What needs to be done:
A faithful, word-for-word copy of the data below is required, without pictures.
─── Entries supplied ───
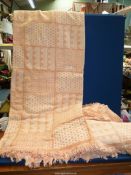 Two Indian cotton single Bed covers, ivory and apricot geometric pattern.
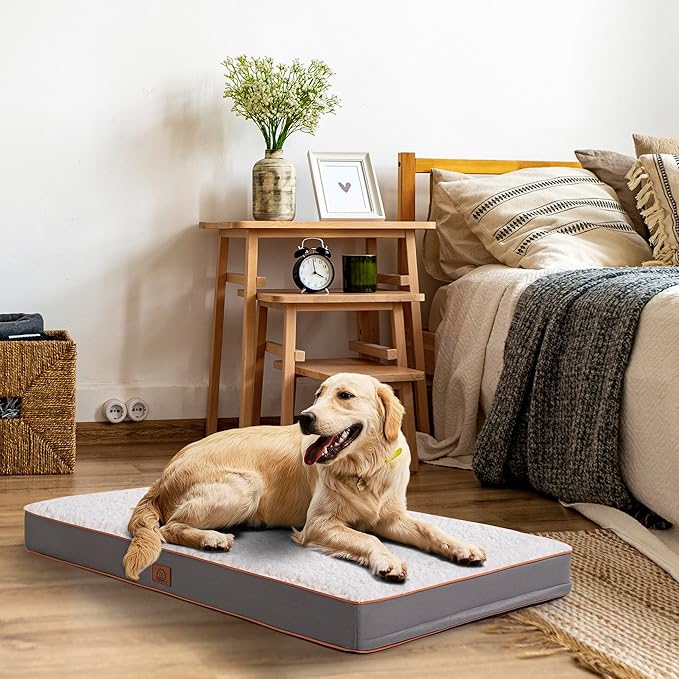 Sunheir Orthopedic Dog Bed for Medium Dogs, Waterproof Deluxe Plush Dog Crate by SUNHEIR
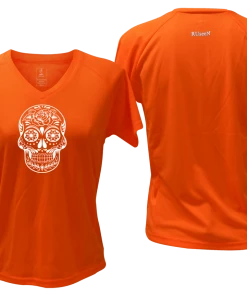 RUseeN Reflective Apparel Women's Reflective Short Sleeve Shirt - Calavera Women's Short Sleeve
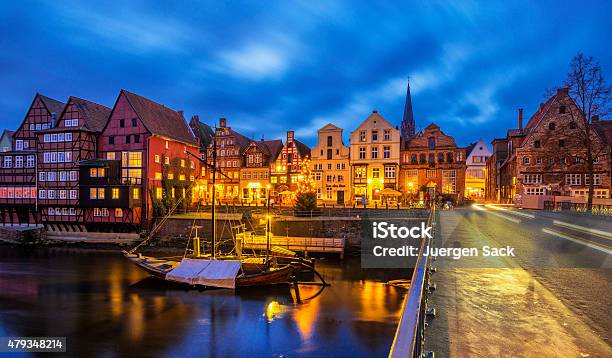 Old Luneburg Harbour At Night Stock Photo - Download Image Now - Lüneburg, Night, Germany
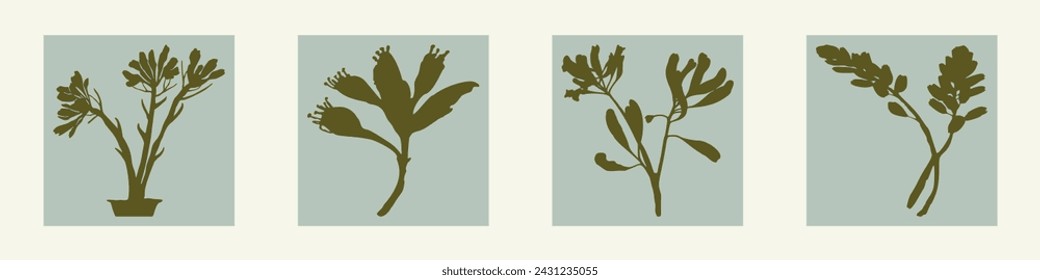 Handmade linocut wildflower set vector motif clipart in whimsical scandi style. Folkart simple block print sprig shapes with woodcut effect collection.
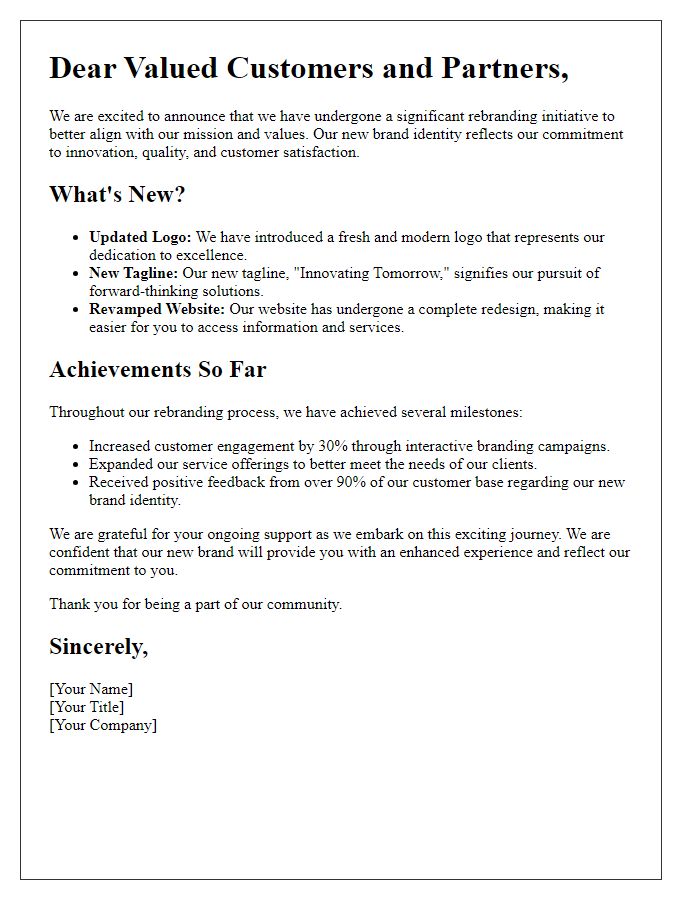 Letter template of rebranding efforts and achievements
───
Expected answer:
 Two Indian cotton single Bed covers, ivory and apricot geometric pattern.
 Sunheir Orthopedic Dog Bed for Medium Dogs, Waterproof Deluxe Plush Dog Crate by SUNHEIR
 RUseeN Reflective Apparel Women's Reflective Short Sleeve Shirt - Calavera Women's Short Sleeve
 Old Luneburg Harbour At Night Stock Photo - Download Image Now - Lüneburg, Night, Germany
 Handmade linocut wildflower set vector motif clipart in whimsical scandi style. Folkart simple block print sprig shapes with woodcut effect collection.
 Letter template of rebranding efforts and achievements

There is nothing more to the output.